> **Exercise brief**
Could you return the full listing below exactly as it appears?

> **Supplied data**
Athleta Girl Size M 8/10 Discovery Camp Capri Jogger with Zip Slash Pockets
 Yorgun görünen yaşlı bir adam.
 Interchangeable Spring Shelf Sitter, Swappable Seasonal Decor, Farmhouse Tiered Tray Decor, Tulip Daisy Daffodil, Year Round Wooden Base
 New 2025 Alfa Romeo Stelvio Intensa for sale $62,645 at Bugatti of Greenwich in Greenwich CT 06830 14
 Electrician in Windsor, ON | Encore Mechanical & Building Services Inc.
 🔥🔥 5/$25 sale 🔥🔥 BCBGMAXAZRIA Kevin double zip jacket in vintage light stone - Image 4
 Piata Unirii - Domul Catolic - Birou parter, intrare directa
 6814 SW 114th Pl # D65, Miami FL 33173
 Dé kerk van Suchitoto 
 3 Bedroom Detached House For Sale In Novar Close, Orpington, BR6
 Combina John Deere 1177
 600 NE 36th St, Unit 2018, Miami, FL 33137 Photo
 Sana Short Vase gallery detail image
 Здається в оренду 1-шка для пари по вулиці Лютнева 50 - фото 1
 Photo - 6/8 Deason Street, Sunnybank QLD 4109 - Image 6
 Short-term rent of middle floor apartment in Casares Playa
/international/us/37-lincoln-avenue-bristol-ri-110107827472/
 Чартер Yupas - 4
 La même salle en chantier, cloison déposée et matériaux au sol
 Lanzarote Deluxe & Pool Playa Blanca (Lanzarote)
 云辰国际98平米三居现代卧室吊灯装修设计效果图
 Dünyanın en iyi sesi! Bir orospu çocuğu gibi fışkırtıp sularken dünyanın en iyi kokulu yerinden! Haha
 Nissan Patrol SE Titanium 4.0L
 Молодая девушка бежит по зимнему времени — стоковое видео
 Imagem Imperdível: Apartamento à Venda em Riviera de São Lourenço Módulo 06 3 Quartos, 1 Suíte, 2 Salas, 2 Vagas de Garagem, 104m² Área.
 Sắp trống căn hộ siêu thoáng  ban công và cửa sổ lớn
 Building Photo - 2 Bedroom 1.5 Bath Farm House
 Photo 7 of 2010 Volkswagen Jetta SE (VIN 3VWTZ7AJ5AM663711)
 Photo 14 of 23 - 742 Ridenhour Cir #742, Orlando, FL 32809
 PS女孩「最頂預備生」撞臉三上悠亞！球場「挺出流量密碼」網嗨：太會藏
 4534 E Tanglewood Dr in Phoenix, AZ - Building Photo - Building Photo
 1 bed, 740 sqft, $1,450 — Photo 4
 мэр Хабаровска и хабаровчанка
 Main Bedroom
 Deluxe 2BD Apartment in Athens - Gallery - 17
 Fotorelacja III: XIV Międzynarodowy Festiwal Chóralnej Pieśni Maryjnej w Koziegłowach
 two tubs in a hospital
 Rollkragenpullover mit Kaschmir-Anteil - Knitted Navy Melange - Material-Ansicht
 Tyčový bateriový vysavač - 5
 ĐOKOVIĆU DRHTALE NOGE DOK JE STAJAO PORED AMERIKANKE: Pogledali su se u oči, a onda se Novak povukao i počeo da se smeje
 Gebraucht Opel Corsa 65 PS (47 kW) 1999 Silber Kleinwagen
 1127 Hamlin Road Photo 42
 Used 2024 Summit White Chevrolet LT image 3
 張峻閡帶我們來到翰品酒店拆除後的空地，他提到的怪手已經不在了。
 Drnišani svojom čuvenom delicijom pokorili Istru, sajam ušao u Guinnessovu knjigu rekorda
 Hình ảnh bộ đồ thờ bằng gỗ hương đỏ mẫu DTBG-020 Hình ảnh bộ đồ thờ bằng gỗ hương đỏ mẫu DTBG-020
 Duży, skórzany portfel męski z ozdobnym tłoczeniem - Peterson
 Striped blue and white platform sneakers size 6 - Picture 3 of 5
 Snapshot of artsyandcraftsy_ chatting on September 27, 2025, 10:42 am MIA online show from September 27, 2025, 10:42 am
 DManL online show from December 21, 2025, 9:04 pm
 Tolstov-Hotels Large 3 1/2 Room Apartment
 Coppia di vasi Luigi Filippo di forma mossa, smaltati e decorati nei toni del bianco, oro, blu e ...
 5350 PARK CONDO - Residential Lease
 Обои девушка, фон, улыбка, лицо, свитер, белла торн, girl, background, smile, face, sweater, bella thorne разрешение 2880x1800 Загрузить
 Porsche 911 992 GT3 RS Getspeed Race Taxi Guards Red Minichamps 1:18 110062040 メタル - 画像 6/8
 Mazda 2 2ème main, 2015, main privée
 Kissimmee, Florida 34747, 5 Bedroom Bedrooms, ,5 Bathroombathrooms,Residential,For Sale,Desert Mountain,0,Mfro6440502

> **Your solution**
Athleta Girl Size M 8/10 Discovery Camp Capri Jogger with Zip Slash Pockets
 Yorgun görünen yaşlı bir adam.
 Interchangeable Spring Shelf Sitter, Swappable Seasonal Decor, Farmhouse Tiered Tray Decor, Tulip Daisy Daffodil, Year Round Wooden Base
 New 2025 Alfa Romeo Stelvio Intensa for sale $62,645 at Bugatti of Greenwich in Greenwich CT 06830 14
 Electrician in Windsor, ON | Encore Mechanical & Building Services Inc.
 🔥🔥 5/$25 sale 🔥🔥 BCBGMAXAZRIA Kevin double zip jacket in vintage light stone - Image 4
 Piata Unirii - Domul Catolic - Birou parter, intrare directa
 6814 SW 114th Pl # D65, Miami FL 33173
 Dé kerk van Suchitoto 
 3 Bedroom Detached House For Sale In Novar Close, Orpington, BR6
 Combina John Deere 1177
 600 NE 36th St, Unit 2018, Miami, FL 33137 Photo
 Sana Short Vase gallery detail image
 Здається в оренду 1-шка для пари по вулиці Лютнева 50 - фото 1
 Photo - 6/8 Deason Street, Sunnybank QLD 4109 - Image 6
 Short-term rent of middle floor apartment in Casares Playa
/international/us/37-lincoln-avenue-bristol-ri-110107827472/
 Чартер Yupas - 4
 La même salle en chantier, cloison déposée et matériaux au sol
 Lanzarote Deluxe & Pool Playa Blanca (Lanzarote)
 云辰国际98平米三居现代卧室吊灯装修设计效果图
 Dünyanın en iyi sesi! Bir orospu çocuğu gibi fışkırtıp sularken dünyanın en iyi kokulu yerinden! Haha
 Nissan Patrol SE Titanium 4.0L
 Молодая девушка бежит по зимнему времени — стоковое видео
 Imagem Imperdível: Apartamento à Venda em Riviera de São Lourenço Módulo 06 3 Quartos, 1 Suíte, 2 Salas, 2 Vagas de Garagem, 104m² Área.
 Sắp trống căn hộ siêu thoáng  ban công và cửa sổ lớn
 Building Photo - 2 Bedroom 1.5 Bath Farm House
 Photo 7 of 2010 Volkswagen Jetta SE (VIN 3VWTZ7AJ5AM663711)
 Photo 14 of 23 - 742 Ridenhour Cir #742, Orlando, FL 32809
 PS女孩「最頂預備生」撞臉三上悠亞！球場「挺出流量密碼」網嗨：太會藏
 4534 E Tanglewood Dr in Phoenix, AZ - Building Photo - Building Photo
 1 bed, 740 sqft, $1,450 — Photo 4
 мэр Хабаровска и хабаровчанка
 Main Bedroom
 Deluxe 2BD Apartment in Athens - Gallery - 17
 Fotorelacja III: XIV Międzynarodowy Festiwal Chóralnej Pieśni Maryjnej w Koziegłowach
 two tubs in a hospital
 Rollkragenpullover mit Kaschmir-Anteil - Knitted Navy Melange - Material-Ansicht
 Tyčový bateriový vysavač - 5
 ĐOKOVIĆU DRHTALE NOGE DOK JE STAJAO PORED AMERIKANKE: Pogledali su se u oči, a onda se Novak povukao i počeo da se smeje
 Gebraucht Opel Corsa 65 PS (47 kW) 1999 Silber Kleinwagen
 1127 Hamlin Road Photo 42
 Used 2024 Summit White Chevrolet LT image 3
 張峻閡帶我們來到翰品酒店拆除後的空地，他提到的怪手已經不在了。
 Drnišani svojom čuvenom delicijom pokorili Istru, sajam ušao u Guinnessovu knjigu rekorda
 Hình ảnh bộ đồ thờ bằng gỗ hương đỏ mẫu DTBG-020 Hình ảnh bộ đồ thờ bằng gỗ hương đỏ mẫu DTBG-020
 Duży, skórzany portfel męski z ozdobnym tłoczeniem - Peterson
 Striped blue and white platform sneakers size 6 - Picture 3 of 5
 Snapshot of artsyandcraftsy_ chatting on September 27, 2025, 10:42 am MIA online show from September 27, 2025, 10:42 am
 DManL online show from December 21, 2025, 9:04 pm
 Tolstov-Hotels Large 3 1/2 Room Apartment
 Coppia di vasi Luigi Filippo di forma mossa, smaltati e decorati nei toni del bianco, oro, blu e ...
 5350 PARK CONDO - Residential Lease
 Обои девушка, фон, улыбка, лицо, свитер, белла торн, girl, background, smile, face, sweater, bella thorne разрешение 2880x1800 Загрузить
 Porsche 911 992 GT3 RS Getspeed Race Taxi Guards Red Minichamps 1:18 110062040 メタル - 画像 6/8
 Mazda 2 2ème main, 2015, main privée
 Kissimmee, Florida 34747, 5 Bedroom Bedrooms, ,5 Bathroombathrooms,Residential,For Sale,Desert Mountain,0,Mfro6440502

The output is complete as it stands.